Exercise ▸
Repeat verbatim, and only, the lines of the data below, beginning at the line that contains "Rue des Vinaigriers - la Pinata" and stopping after the line that contains "СТАРЫЕ МАШИНЫ В САНДРИНГАМЕ - СОВСЕМ НЕМНОГО".

The data ▸

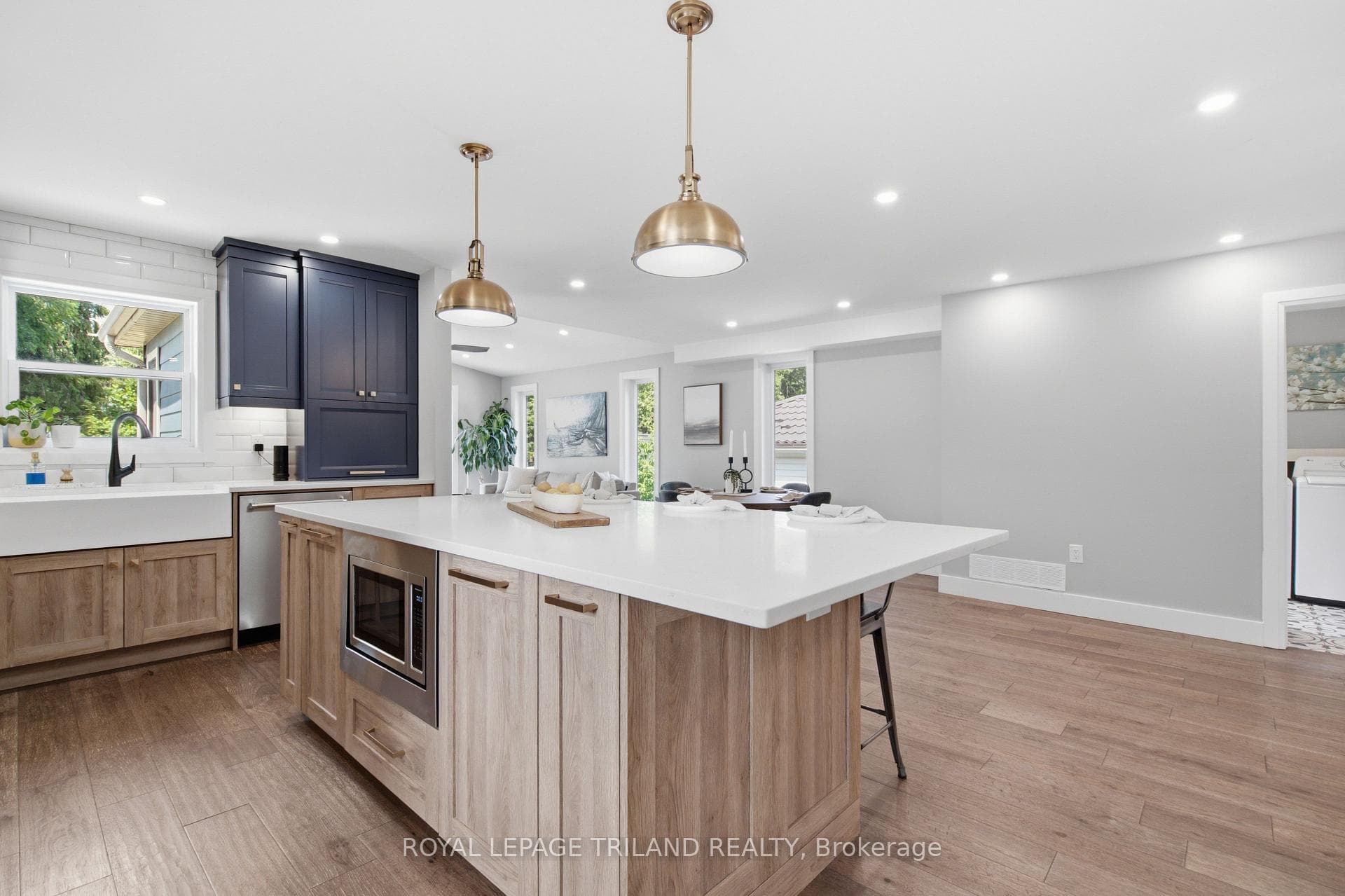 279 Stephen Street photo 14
==
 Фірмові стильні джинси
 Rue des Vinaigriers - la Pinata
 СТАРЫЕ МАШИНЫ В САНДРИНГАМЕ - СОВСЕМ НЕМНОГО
* * *
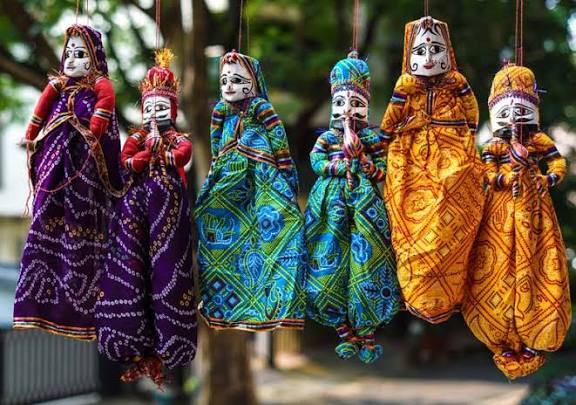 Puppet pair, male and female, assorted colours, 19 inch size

Response to this task ▸
 Rue des Vinaigriers - la Pinata
 СТАРЫЕ МАШИНЫ В САНДРИНГАМЕ - СОВСЕМ НЕМНОГО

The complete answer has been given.